§ INSTRUCTIONS TO FOLLOW
Everything in the listing that follows should be reproduced exactly except the pictures.

§ EXCERPTED RECORDS

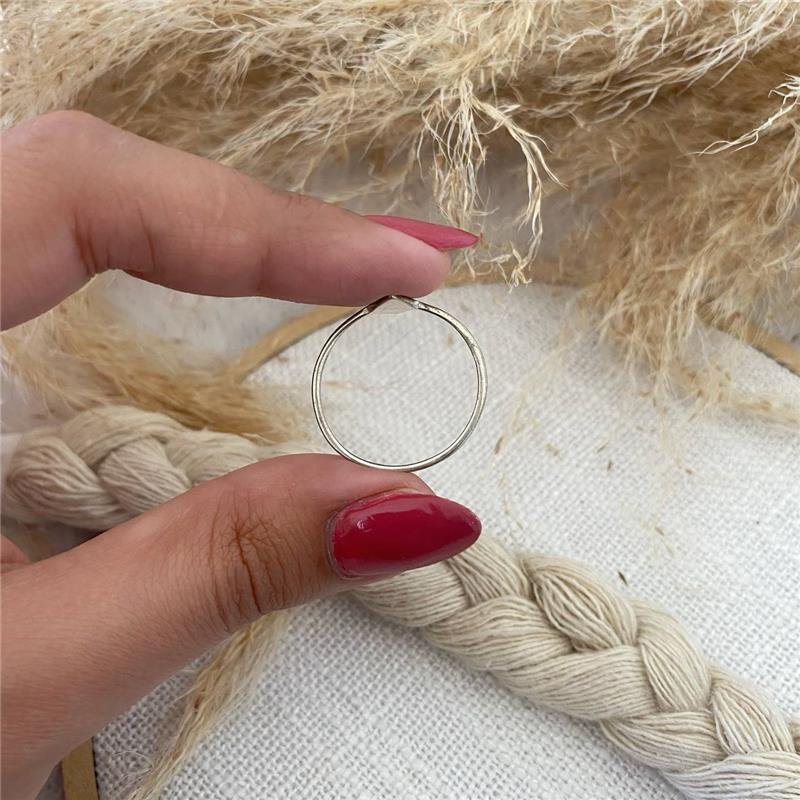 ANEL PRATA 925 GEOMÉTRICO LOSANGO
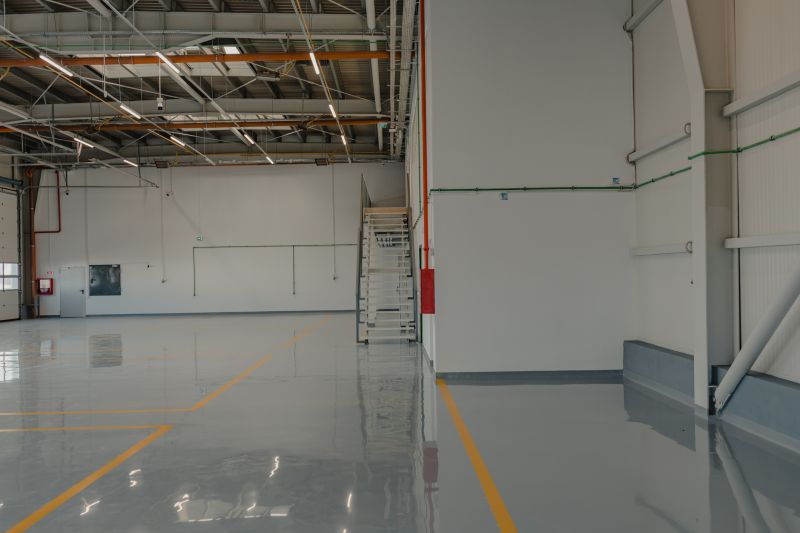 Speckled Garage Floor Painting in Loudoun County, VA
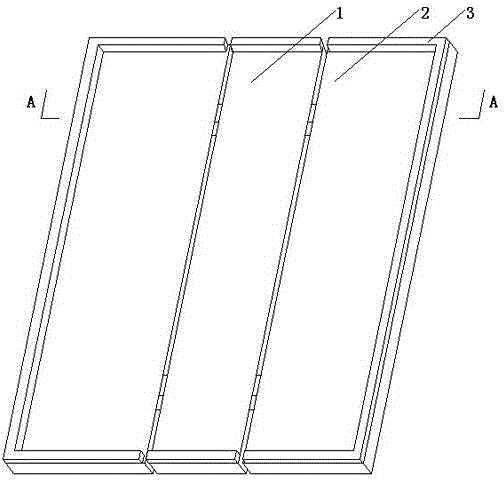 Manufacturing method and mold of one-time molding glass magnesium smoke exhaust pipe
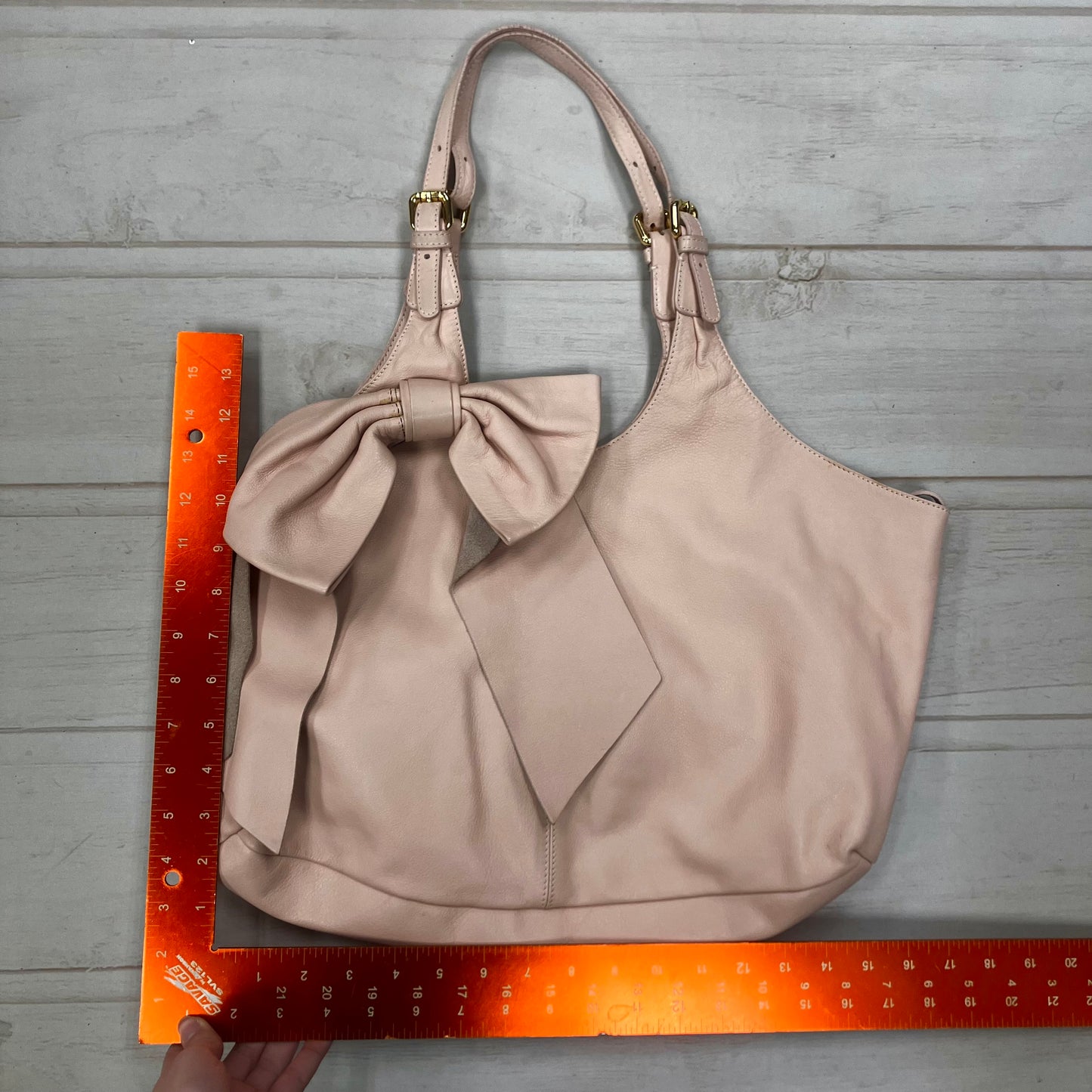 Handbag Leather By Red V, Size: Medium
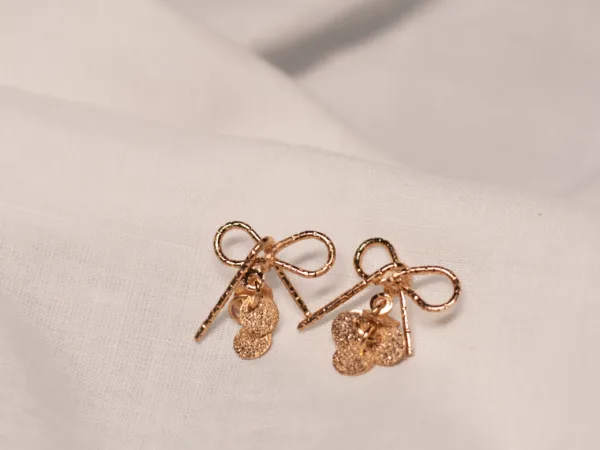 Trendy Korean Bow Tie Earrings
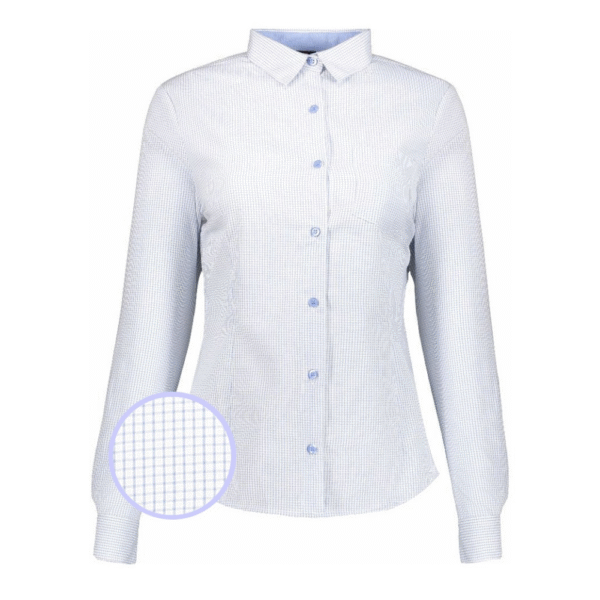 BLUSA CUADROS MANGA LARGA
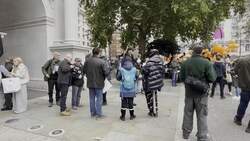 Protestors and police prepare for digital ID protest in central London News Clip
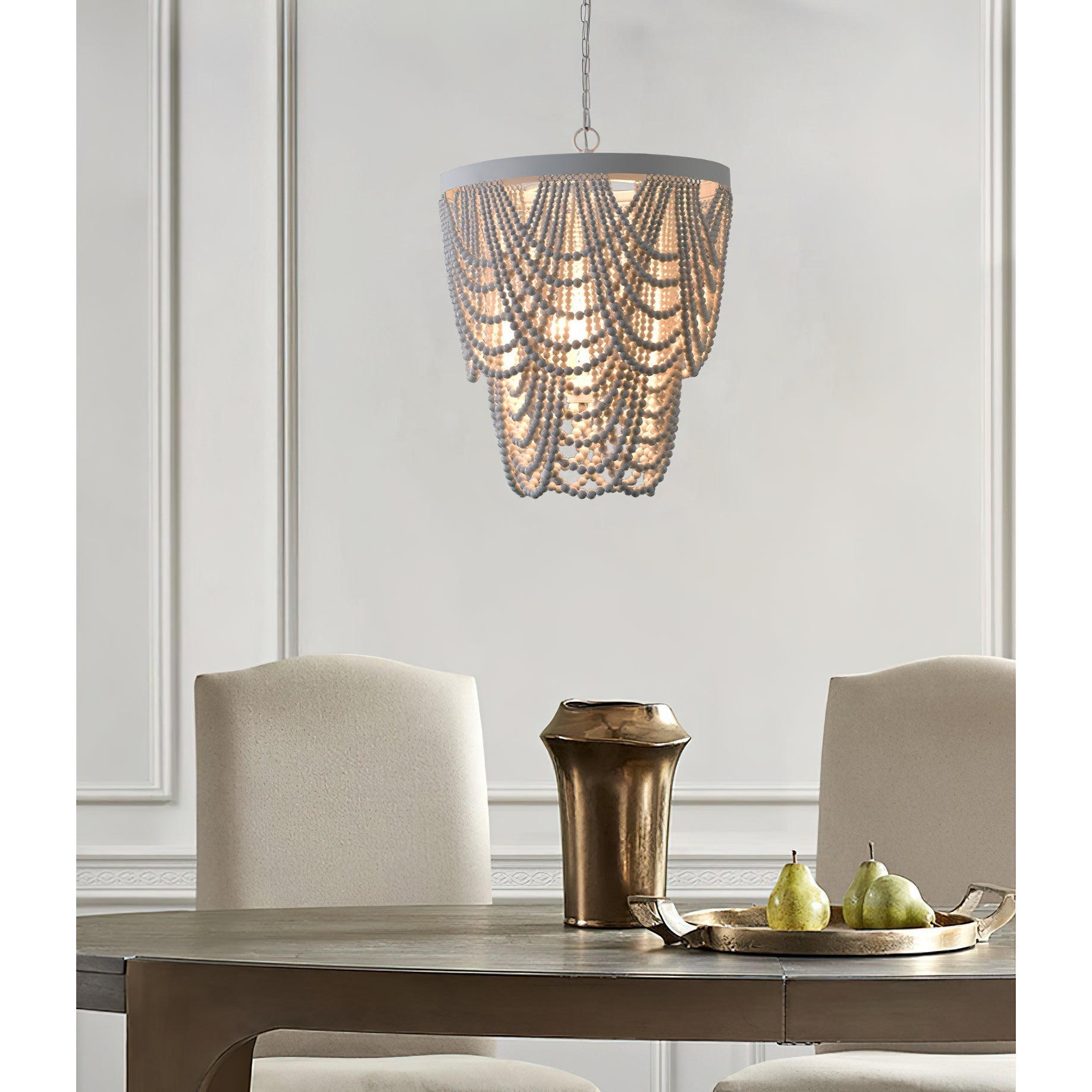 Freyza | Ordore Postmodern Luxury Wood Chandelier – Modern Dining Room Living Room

§ SOLUTION TO THE EXERCISE
 ANEL PRATA 925 GEOMÉTRICO LOSANGO
 Speckled Garage Floor Painting in Loudoun County, VA
 Manufacturing method and mold of one-time molding glass magnesium smoke exhaust pipe
 Handbag Leather By Red V, Size: Medium
 Trendy Korean Bow Tie Earrings
 BLUSA CUADROS MANGA LARGA
 Protestors and police prepare for digital ID protest in central London News Clip
 Freyza | Ordore Postmodern Luxury Wood Chandelier – Modern Dining Room Living Room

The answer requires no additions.